## EXERCISE MATERIAL
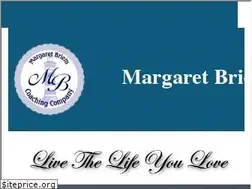 Sites similar to livethelifeyoulove.com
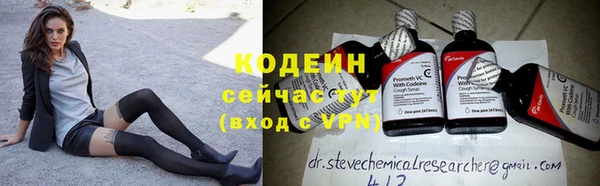 ПСИЛОЦИБИНОВЫЕ ГРИБЫ Абаза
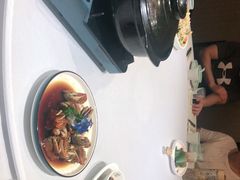 -930私房菜(欧阳路店)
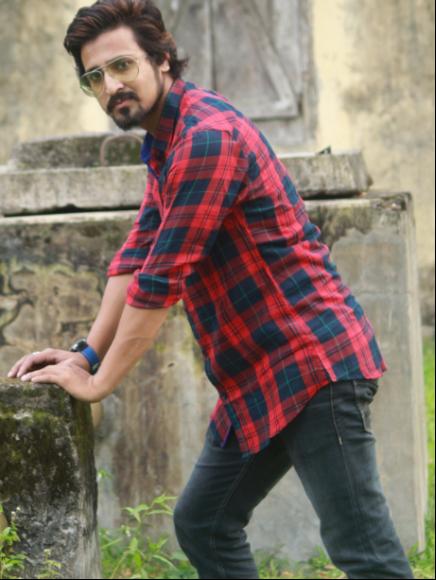 StarFDC Talent Directory Bangladesh: actors, actresses, singers, dancers and media technical experts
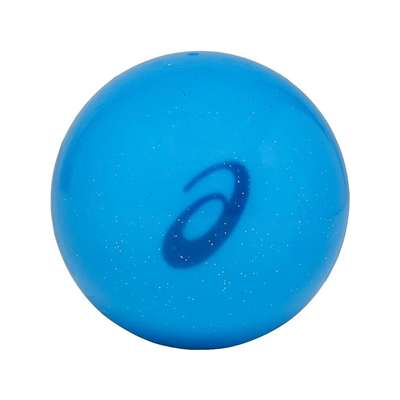 フラツシユブルー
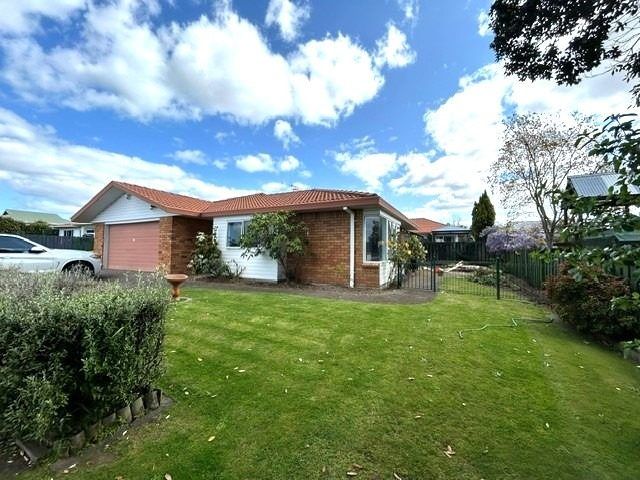  at 13A Oroua Street, Te Puke
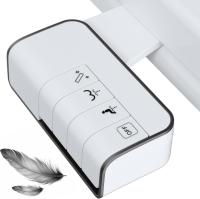 Hibbent Bidet Attachment for Toilet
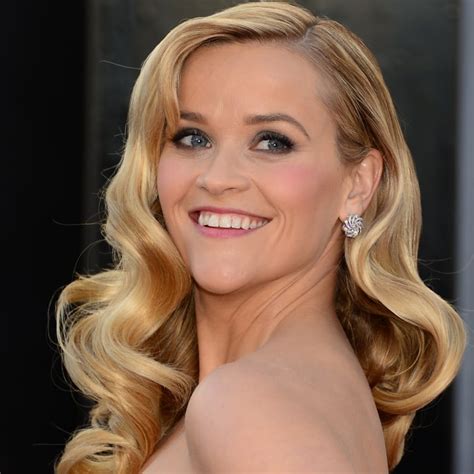 Reese Witherspoon Wild Trailer Video Popsugar Celebrity
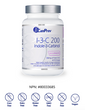 CanPrev I-3-C - Indole-3 carbinol
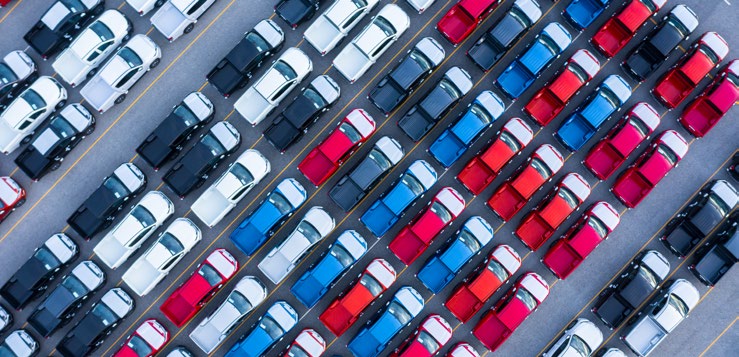 NetApp enables AI success with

## WORK TO COMPLETE
From the line that holds "CanPrev I-3-C - Indole-3 carbinol" down to the last line of the material above, every line is to be copied exactly, both ends included; pictures are to be omitted.

## OUTPUT FOR THIS EXERCISE
 CanPrev I-3-C - Indole-3 carbinol
 NetApp enables AI success with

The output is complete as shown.